Jan 26, 2011

Time For New Things!

I regret to announce that this will be my last blog post ever... on this blog.... because I have my own website now! :D

Please make sure to update your bookmarks (or add one if you haven't already) and to update to my new RSS feed as well (or start following if you haven't already)!

This fancy new website thing will be the new home not only for all my future bloggings, but also the home for all of my creative endeavors, including indie games, portfolios, random crafts, and even my oldest Flash work. My goal is to be more active with my posts, being sure to at least let you guys know what I'm up to. I have some exciting things planned indeed :]

This blog will still be kept intact since I don't feel like migrating all of my old posts over to the new system. However, that doesn't mean there isn't any content yet on my new website! Here are a few points of interest:

  • A Games page, formally gathering all of my indie games work!
  • Individual pages for Grandfather, [Together], [Yesterday], and more, all able to be commented on! Think of these pages as the unofficial discussion forums, or something!
  • An About A Bean page, including a self-interview where I call myself out on things.
  • More cardboard! :D
I just wanted to say thank you all for taking an interest in my work!

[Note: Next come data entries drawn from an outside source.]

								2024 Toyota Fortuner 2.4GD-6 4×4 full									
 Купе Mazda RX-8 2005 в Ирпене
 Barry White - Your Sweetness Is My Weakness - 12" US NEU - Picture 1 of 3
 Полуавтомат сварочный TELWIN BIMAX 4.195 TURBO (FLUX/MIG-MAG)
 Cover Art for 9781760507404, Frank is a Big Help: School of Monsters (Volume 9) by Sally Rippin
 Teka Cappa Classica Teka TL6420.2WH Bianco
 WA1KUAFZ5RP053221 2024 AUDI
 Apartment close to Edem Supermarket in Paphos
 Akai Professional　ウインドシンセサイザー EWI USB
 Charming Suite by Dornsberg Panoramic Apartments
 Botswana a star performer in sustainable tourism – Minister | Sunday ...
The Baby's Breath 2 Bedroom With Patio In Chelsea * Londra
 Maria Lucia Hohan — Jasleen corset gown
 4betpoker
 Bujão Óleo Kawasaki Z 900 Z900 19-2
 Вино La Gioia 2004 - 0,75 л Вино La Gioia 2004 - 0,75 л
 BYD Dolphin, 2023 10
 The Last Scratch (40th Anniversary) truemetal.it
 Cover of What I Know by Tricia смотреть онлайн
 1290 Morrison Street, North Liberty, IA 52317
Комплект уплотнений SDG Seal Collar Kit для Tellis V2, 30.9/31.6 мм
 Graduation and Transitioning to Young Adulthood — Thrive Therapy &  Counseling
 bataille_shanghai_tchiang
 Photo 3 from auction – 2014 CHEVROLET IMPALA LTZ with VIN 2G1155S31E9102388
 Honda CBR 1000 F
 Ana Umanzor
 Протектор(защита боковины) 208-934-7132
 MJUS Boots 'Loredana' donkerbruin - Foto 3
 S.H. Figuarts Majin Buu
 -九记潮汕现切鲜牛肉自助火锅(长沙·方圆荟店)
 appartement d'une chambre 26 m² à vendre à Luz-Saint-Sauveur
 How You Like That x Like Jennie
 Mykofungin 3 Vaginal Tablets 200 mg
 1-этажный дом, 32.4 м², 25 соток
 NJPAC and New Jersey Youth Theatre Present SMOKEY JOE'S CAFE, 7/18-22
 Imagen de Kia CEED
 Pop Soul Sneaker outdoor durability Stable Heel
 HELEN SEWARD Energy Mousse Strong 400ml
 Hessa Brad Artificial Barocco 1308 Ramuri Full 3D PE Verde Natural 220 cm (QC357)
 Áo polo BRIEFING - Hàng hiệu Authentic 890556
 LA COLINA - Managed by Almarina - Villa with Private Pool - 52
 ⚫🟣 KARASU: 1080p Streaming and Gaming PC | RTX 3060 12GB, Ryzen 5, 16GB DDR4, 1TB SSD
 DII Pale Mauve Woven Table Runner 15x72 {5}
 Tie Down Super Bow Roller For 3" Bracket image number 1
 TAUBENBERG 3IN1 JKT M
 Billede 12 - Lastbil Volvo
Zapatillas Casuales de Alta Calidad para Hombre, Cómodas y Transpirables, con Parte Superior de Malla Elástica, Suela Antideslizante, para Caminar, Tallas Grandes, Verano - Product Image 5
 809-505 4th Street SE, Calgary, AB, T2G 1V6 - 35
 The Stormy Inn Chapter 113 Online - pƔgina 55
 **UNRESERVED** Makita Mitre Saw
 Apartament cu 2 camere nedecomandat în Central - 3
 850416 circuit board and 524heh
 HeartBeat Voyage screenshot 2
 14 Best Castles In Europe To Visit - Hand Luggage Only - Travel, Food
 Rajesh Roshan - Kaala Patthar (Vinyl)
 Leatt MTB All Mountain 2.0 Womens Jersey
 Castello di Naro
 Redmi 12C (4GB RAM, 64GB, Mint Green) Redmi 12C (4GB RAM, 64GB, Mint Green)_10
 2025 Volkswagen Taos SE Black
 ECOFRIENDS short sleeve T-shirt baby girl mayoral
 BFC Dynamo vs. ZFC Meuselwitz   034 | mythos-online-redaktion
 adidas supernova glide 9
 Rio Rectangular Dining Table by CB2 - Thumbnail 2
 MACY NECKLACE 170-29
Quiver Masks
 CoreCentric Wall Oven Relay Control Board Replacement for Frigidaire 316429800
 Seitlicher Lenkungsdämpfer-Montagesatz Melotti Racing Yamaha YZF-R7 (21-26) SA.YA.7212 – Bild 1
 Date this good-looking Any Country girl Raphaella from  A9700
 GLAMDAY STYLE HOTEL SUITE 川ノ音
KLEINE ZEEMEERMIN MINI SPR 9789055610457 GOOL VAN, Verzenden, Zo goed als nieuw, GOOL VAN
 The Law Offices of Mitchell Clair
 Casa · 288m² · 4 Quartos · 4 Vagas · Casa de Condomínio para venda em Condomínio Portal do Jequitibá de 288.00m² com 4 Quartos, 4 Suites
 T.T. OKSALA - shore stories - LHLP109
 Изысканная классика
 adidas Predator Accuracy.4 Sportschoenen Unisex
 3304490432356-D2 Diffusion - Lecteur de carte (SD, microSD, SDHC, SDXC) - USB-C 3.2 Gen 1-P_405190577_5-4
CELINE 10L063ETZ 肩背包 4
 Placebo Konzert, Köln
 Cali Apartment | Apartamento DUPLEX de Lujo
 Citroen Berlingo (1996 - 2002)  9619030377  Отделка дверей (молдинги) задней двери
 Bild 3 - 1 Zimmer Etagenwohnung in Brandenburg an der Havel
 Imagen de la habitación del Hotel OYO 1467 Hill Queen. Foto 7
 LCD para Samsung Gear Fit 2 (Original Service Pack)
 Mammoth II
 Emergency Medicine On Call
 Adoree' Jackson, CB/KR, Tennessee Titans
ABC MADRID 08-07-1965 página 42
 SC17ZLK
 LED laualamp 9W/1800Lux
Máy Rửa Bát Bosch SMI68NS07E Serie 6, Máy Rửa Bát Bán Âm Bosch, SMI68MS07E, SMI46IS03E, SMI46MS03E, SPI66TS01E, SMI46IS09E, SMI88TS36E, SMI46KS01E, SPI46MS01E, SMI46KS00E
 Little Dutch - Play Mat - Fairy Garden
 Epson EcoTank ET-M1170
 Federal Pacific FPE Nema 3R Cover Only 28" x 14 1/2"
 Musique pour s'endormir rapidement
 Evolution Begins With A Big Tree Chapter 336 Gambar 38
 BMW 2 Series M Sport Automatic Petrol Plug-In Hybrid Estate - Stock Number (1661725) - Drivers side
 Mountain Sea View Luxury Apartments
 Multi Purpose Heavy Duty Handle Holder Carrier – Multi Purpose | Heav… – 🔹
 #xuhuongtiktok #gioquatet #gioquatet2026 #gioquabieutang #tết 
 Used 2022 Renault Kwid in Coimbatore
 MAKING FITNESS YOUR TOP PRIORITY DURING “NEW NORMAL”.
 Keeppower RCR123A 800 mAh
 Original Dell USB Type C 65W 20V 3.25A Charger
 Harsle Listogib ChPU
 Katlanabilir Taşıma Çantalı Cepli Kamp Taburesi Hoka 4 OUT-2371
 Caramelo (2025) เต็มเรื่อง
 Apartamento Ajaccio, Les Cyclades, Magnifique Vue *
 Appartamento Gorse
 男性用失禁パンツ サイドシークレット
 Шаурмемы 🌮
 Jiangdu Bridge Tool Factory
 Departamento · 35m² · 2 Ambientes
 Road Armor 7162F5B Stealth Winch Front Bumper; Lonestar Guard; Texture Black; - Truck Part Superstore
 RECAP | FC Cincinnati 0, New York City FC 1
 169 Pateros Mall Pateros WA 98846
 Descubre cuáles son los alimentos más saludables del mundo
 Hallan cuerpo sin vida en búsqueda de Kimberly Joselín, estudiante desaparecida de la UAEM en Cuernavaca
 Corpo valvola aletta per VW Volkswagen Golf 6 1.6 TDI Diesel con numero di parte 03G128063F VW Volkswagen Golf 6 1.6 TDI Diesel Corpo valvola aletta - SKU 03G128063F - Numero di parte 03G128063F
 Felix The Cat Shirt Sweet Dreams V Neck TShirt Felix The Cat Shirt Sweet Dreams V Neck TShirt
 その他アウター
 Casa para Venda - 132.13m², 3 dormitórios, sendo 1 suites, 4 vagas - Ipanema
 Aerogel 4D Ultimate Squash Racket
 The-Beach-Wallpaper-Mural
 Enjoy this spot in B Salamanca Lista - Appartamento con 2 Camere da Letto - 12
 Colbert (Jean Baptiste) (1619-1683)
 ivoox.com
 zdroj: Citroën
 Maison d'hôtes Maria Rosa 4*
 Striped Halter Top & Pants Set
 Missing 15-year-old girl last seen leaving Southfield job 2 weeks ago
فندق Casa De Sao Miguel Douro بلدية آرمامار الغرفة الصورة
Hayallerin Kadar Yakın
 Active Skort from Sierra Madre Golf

I wouldn't be putting this new website together if I didn't want to continue making new things and pushing myself to create, so rest assured that I will be looking forward to showing new things in the near future!

See you on the other side,

Dec 6, 2010

...But That Was [Yesterday]: Soundtrack!

Click to go to download page!

I've finally gotten around to putting together a mastering of the soundtrack to my latest Flash game, ...But That Was [Yesterday]!
  • There are five unique tracks totaling 10 minutes of music based very closely after the events that take place, with some added flare here and there that I never got to add to the game.
  • A bonus sixth track is included, which is just the first five tracks seamlessly connected (meaning the bonus track is as long as the rest of the album :D)
  • Tracks 2, 3, and 4 can be rearranged in any order since they are identical in beginning and end, and have gapless playback encoded.
  • 300x300 album art included for you ID3 junkies :] (pictured above)
  • Click here to go to the download page!
The voting period for CGDC9 should be ending either today or tomorrow, so be sure to check out the results (and go play all the awesome games. Vote too if there's still time!)

Enjoy and happy listening!

Nov 25, 2010

...But That Was [Yesterday]: Sketches!

As I mentioned earlier, I usually don't like to draw anything for my games until it's time to actually make some art assets. This game had its fair share of complex shot sequencing, so I wanted to make sure things made sense before I dove head-first into Flash. The following is a set of scans from my game design sketchbook, mostly sketched out in one sitting at a coffee shop whilst getting lost to the sounds of Toro y Moi.

Keep in mind that these sketches are about as spoilerific as it gets, so if you haven't played my game yet, it's highly recommended you do that first.

Click here to play ...But That Was [Yesterday]!

The girl's story was the easiest one to start with, since I already knew a lot about her from [Together]. This page plays around with some swingset designs (which were ultimately scratched) as well as ways to represent her being gone via the bedroom and surreal airplane flybys. The phrase "The wind comes..." at the bottom was a note to myself about the possibility of having the sound of wind be an overlying element to tie the various stories together. I ended up not using wind literally, but the transition that I use in the game is comparable.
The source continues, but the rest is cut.